- **TASK STATEMENT**
What are the lines from the top of the entries through the one with "Building Photo - Modern"? Write them out exactly, with no pictures.

Captioned web images:
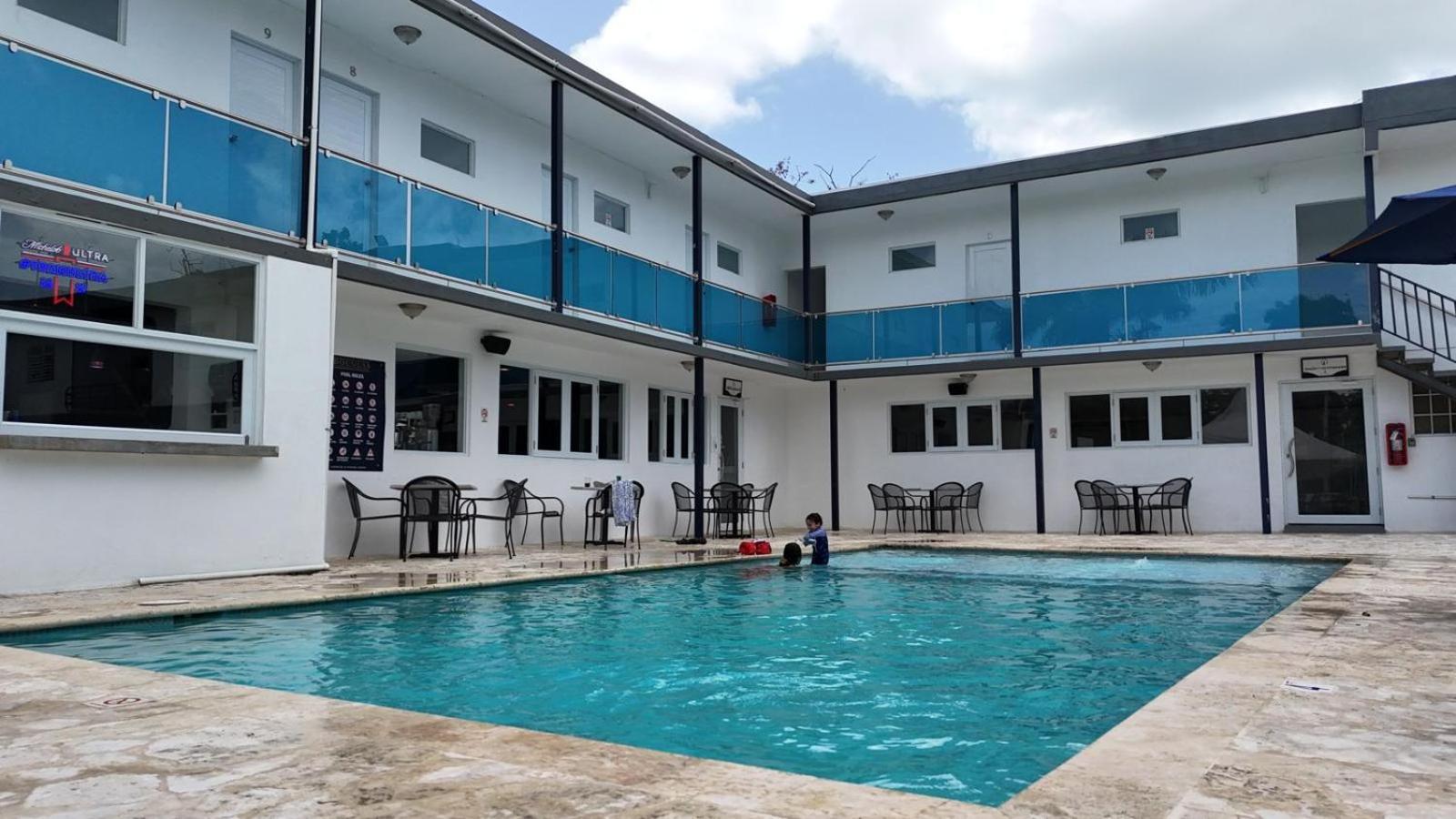 Douglas Highway Inn Hotel Cabo Rojo Exterior photo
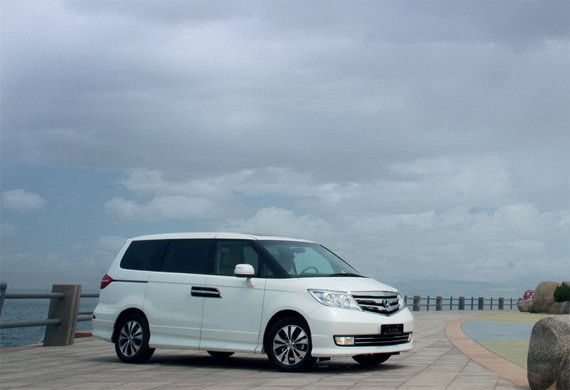 劲敌--试驾东风本田艾力绅(图)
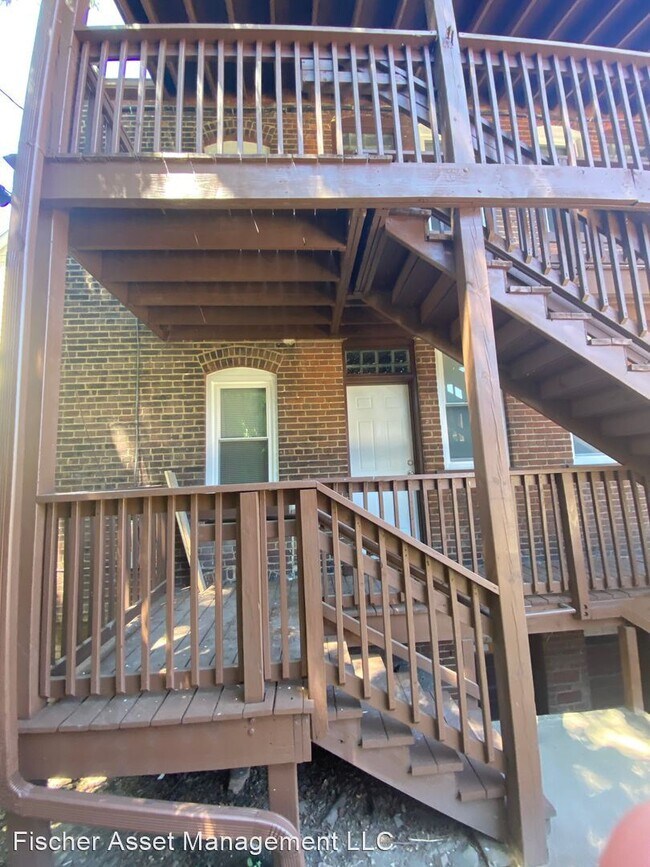 Foto del edificio - 3 br, 1 bath Apartment - 1497-1499 Coutant...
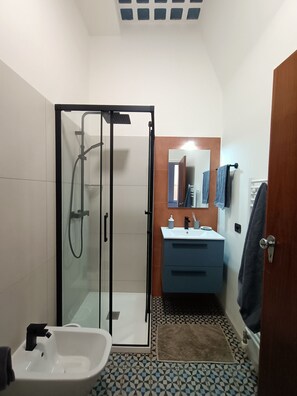 Shower, hair dryer, bidet, towels - Super cozy studio in Pomposa, in the heart of the city (Modena)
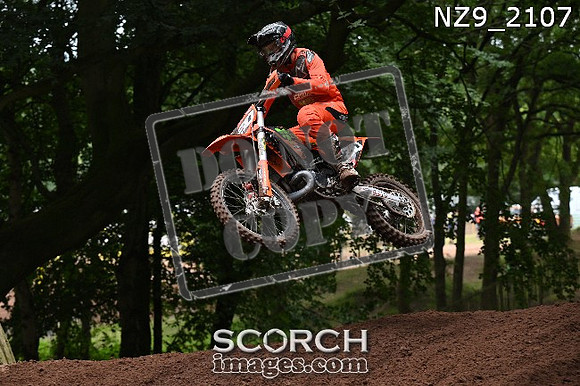 NZ9_2107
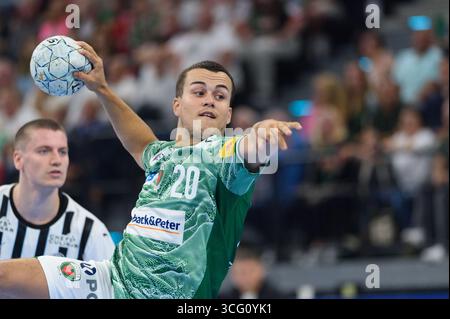 Munich, Deutschland. 23rd Aug, 2025. Munich, Germany, August 23rd 2025: Tim Freihöfer (20 Füchse Berlin) during the DHB Supercup match between Füchse Berlin and THW Kiel, SAP Garden, Munich, Germany. (Sven Beyrich/SPP) Credit: SPP Sport Press Photo. /Ģ����ý Live News Stock Photo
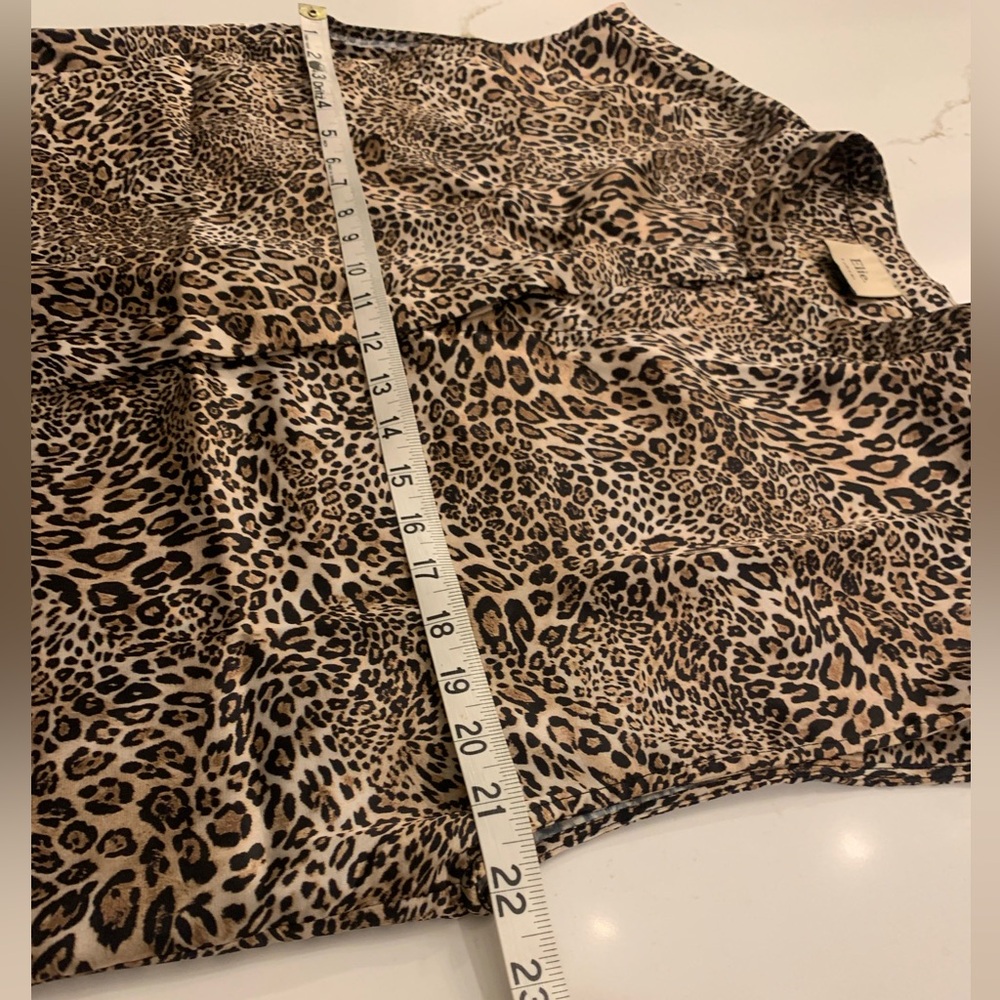 Tahari Leopard Animal Print Shirt Draped Sleeveless Blouse Women’s Size Medium. - Picture 6 of 11
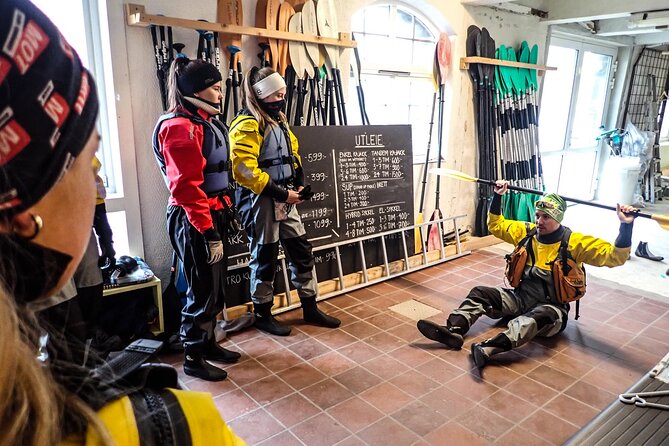 Sea Kayaking In Ålesund - Finding your rhythm as a first-time paddler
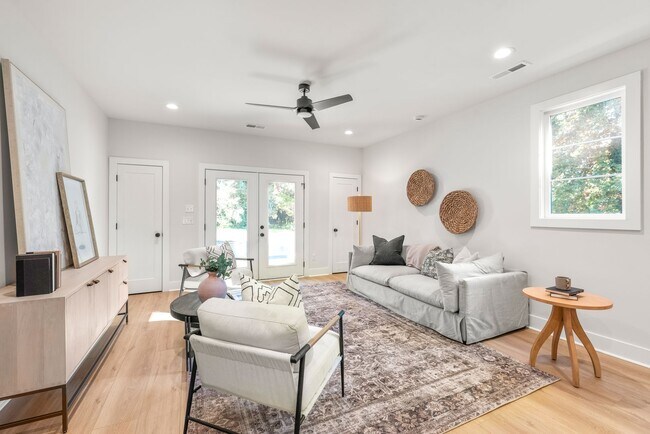 Building Photo - Modern Living in the Heart of Plaza Midwood!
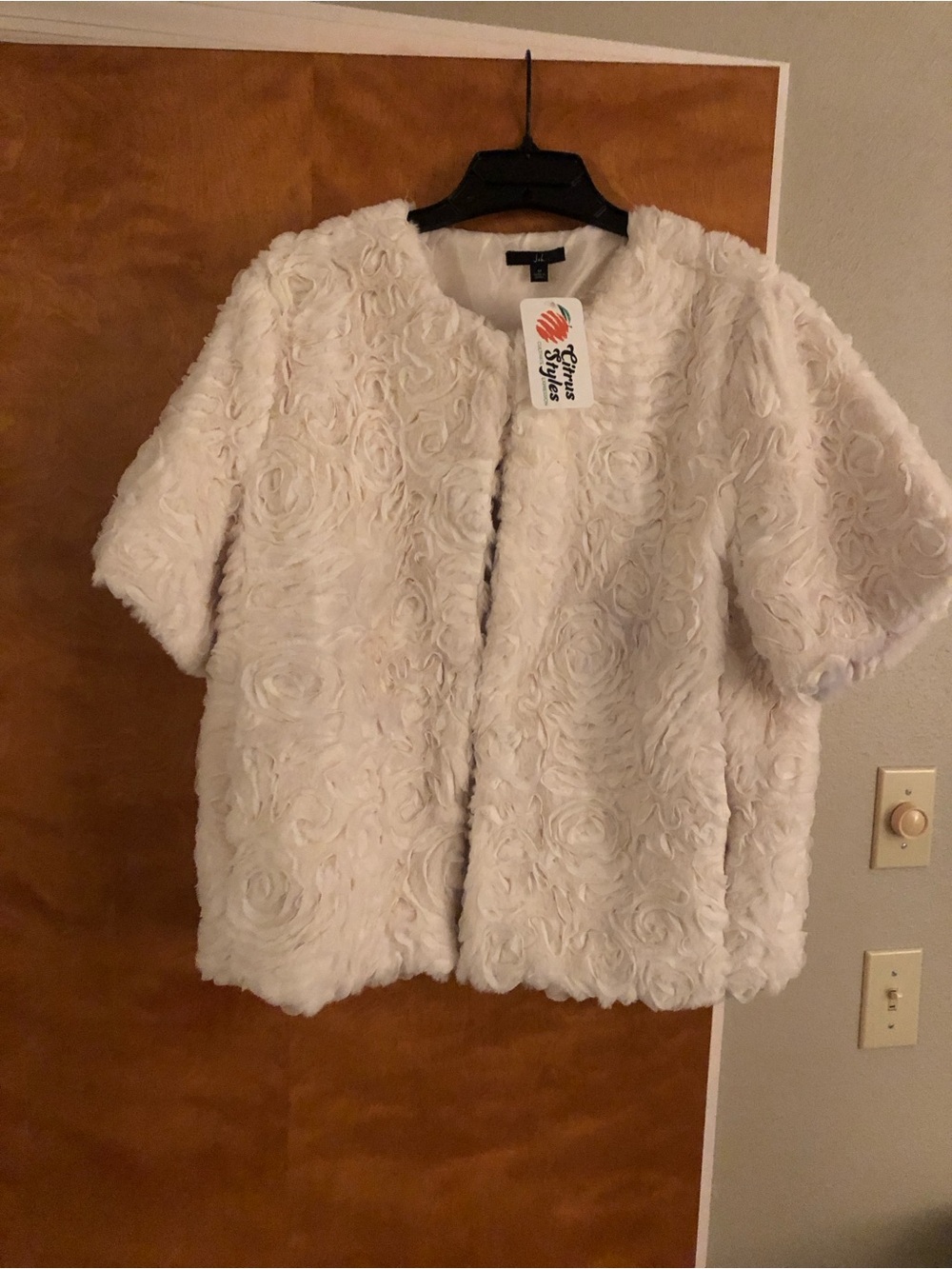 Faux Fur Flower Swirls Jacket - Picture 6 of 7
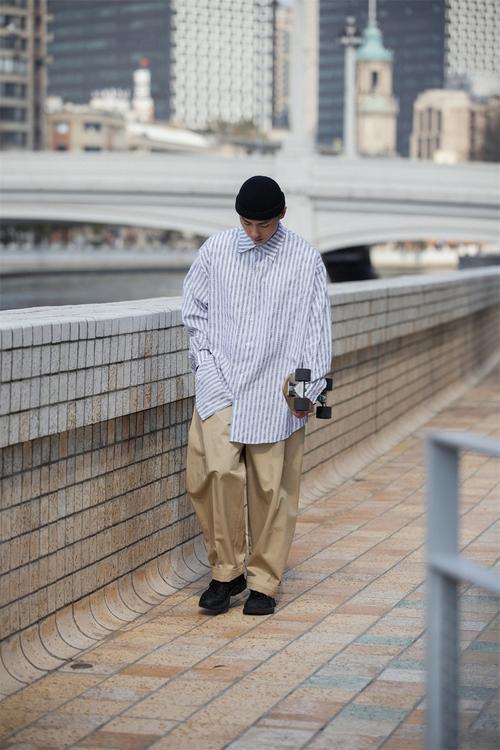卡其色男裤怎么搭配上衣和鞋子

- **RESULT OF THIS EXERCISE**
 Douglas Highway Inn Hotel Cabo Rojo Exterior photo
 劲敌--试驾东风本田艾力绅(图)
 Foto del edificio - 3 br, 1 bath Apartment - 1497-1499 Coutant...
 Shower, hair dryer, bidet, towels - Super cozy studio in Pomposa, in the heart of the city (Modena)
 NZ9_2107
 Munich, Deutschland. 23rd Aug, 2025. Munich, Germany, August 23rd 2025: Tim Freihöfer (20 Füchse Berlin) during the DHB Supercup match between Füchse Berlin and THW Kiel, SAP Garden, Munich, Germany. (Sven Beyrich/SPP) Credit: SPP Sport Press Photo. /Ģ����ý Live News Stock Photo
 Tahari Leopard Animal Print Shirt Draped Sleeveless Blouse Women’s Size Medium. - Picture 6 of 11
 Sea Kayaking In Ålesund - Finding your rhythm as a first-time paddler
 Building Photo - Modern Living in the Heart of Plaza Midwood!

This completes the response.